INSTRUCTIONS FOR THE TASK: Send each entry back exactly as given, pictures excluded.

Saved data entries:

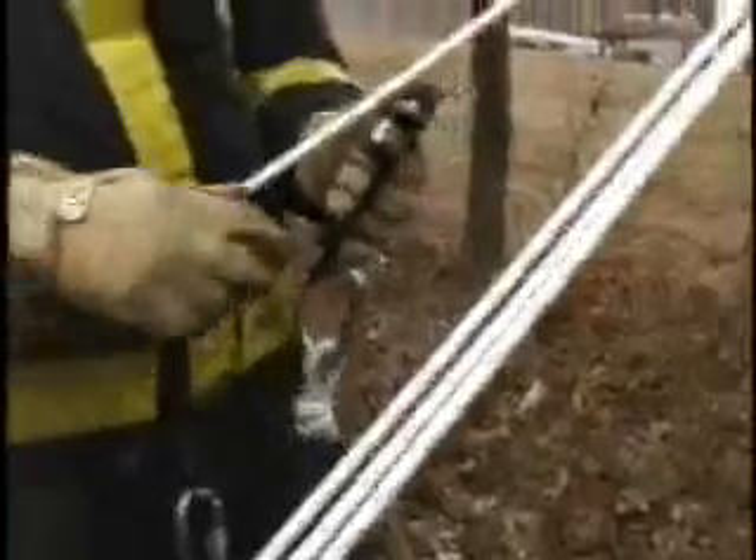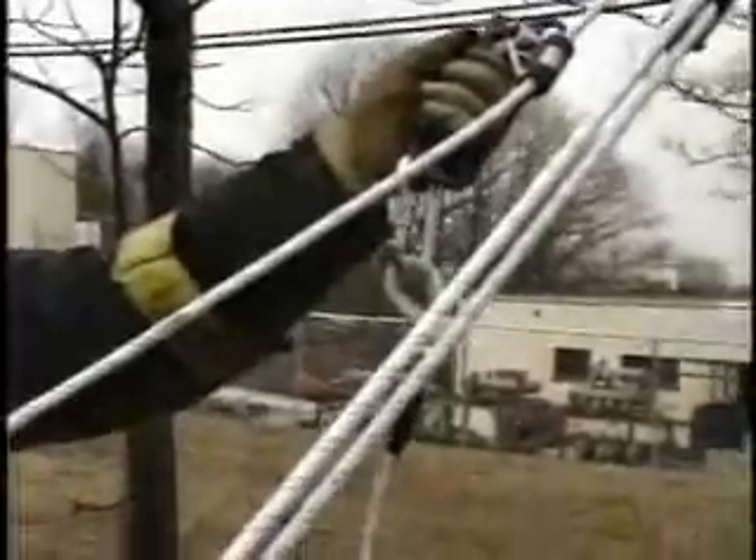Here we are showing applying the handle to the freeside rope. When they are ready below, the top-side operator will begin to pull the rope, which will move the stretcher once they have lifted it.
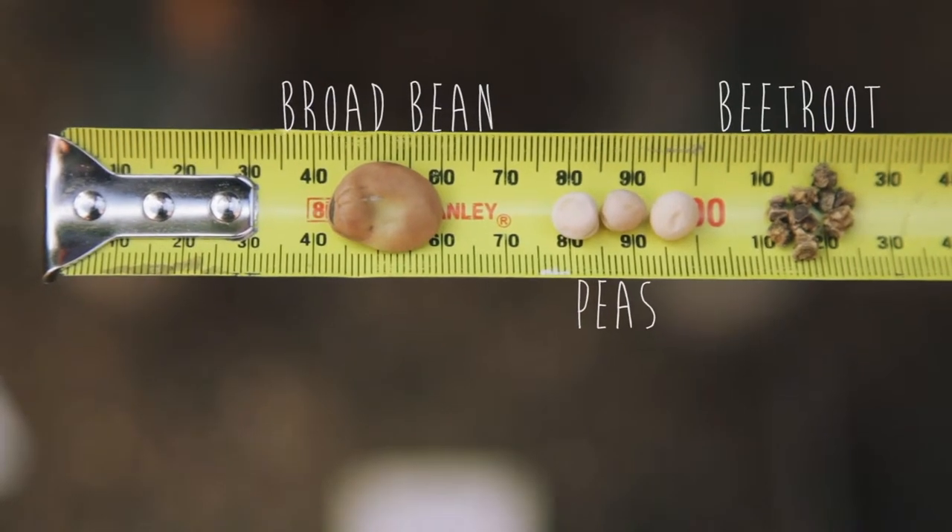The next rule is to plant to a depth that's twice the diameter of the seed. With larger varieties such as broad beans and peas, it's quite straightforward to measure.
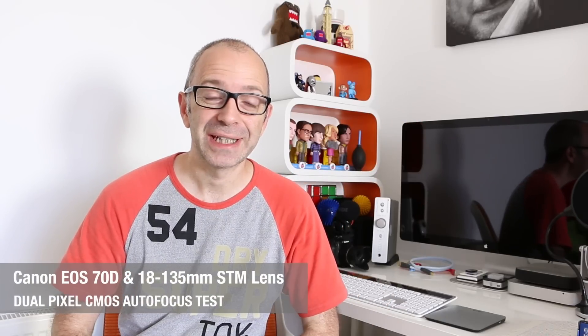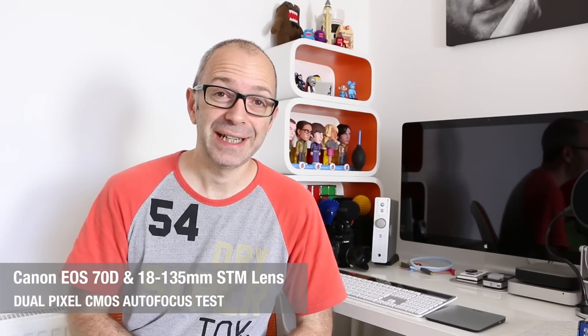Hi everyone, this is Dave from Geekanoids. What you'll see now is the Canon EOS 70D with its new dual pixel CMOS AF system, which should give camcorder-like focus during video recording. During this video you're going to see various examples of the AF system in action. During the Lego section I'm using the touch screen to initiate focus, and later you'll see the true auto focus features where I'm placing things in front of the lens and removing them to see how the 70D reacts.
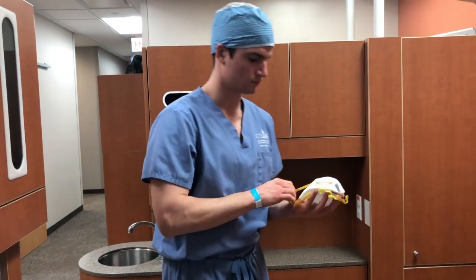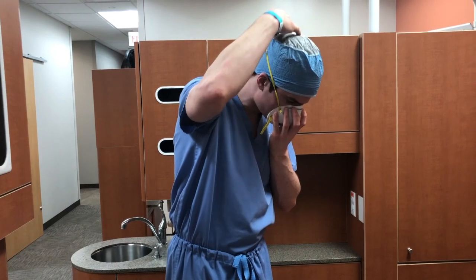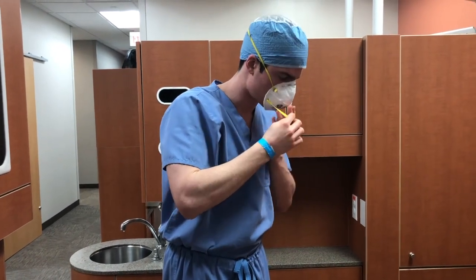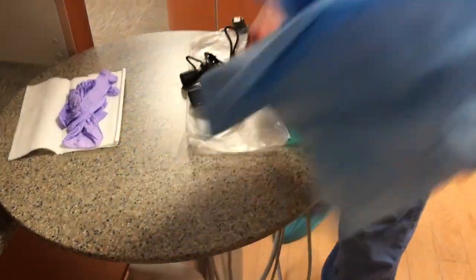Place your N95 respirator on first. Cup the respirator in your hand and pull first one headband, then the other, over your head. Mold the nasal bridge with two hands and check for a good seal. Next, put on your gown.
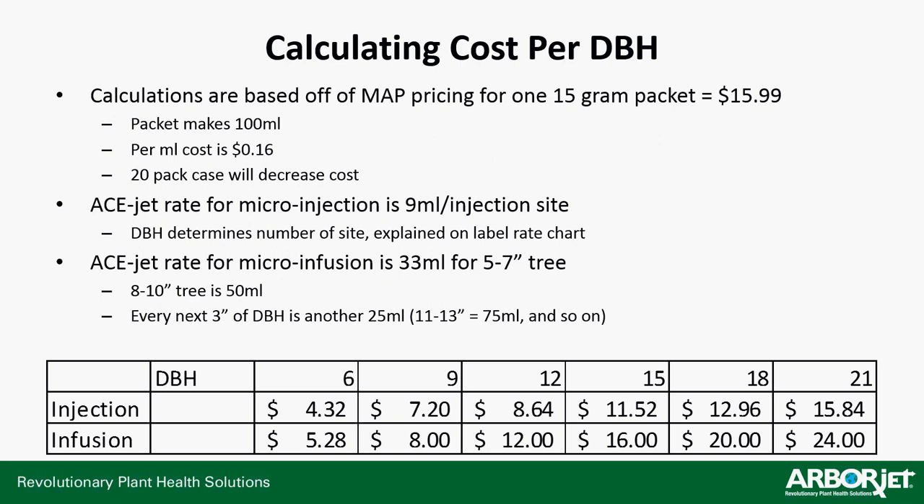Cost of an application: AceJet is pretty cheap. A 15-gram packet costs $16. A packet makes just over 100 milliliters — you mix it with 100 milliliters of water, so the total solution is about 125 milliliters. I just call it 100 for easy math, making your cost per milliliter $0.16. It comes in a 20-pack case as well, which brings it below $16 a packet. The other thing about AceJet is that it's the one ArborJet product that has different rates depending on what type of injection system you're using.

WRITTEN ANSWER:
Here we are showing applying the handle to the freeside rope. When they are ready below, the top-side operator will begin to pull the rope, which will move the stretcher once they have lifted it.
The next rule is to plant to a depth that's twice the diameter of the seed. With larger varieties such as broad beans and peas, it's quite straightforward to measure.
Hi everyone, this is Dave from Geekanoids. What you'll see now is the Canon EOS 70D with its new dual pixel CMOS AF system, which should give camcorder-like focus during video recording. During this video you're going to see various examples of the AF system in action. During the Lego section I'm using the touch screen to initiate focus, and later you'll see the true auto focus features where I'm placing things in front of the lens and removing them to see how the 70D reacts.
Place your N95 respirator on first. Cup the respirator in your hand and pull first one headband, then the other, over your head. Mold the nasal bridge with two hands and check for a good seal. Next, put on your gown.
Cost of an application: AceJet is pretty cheap. A 15-gram packet costs $16. A packet makes just over 100 milliliters — you mix it with 100 milliliters of water, so the total solution is about 125 milliliters. I just call it 100 for easy math, making your cost per milliliter $0.16. It comes in a 20-pack case as well, which brings it below $16 a packet. The other thing about AceJet is that it's the one ArborJet product that has different rates depending on what type of injection system you're using.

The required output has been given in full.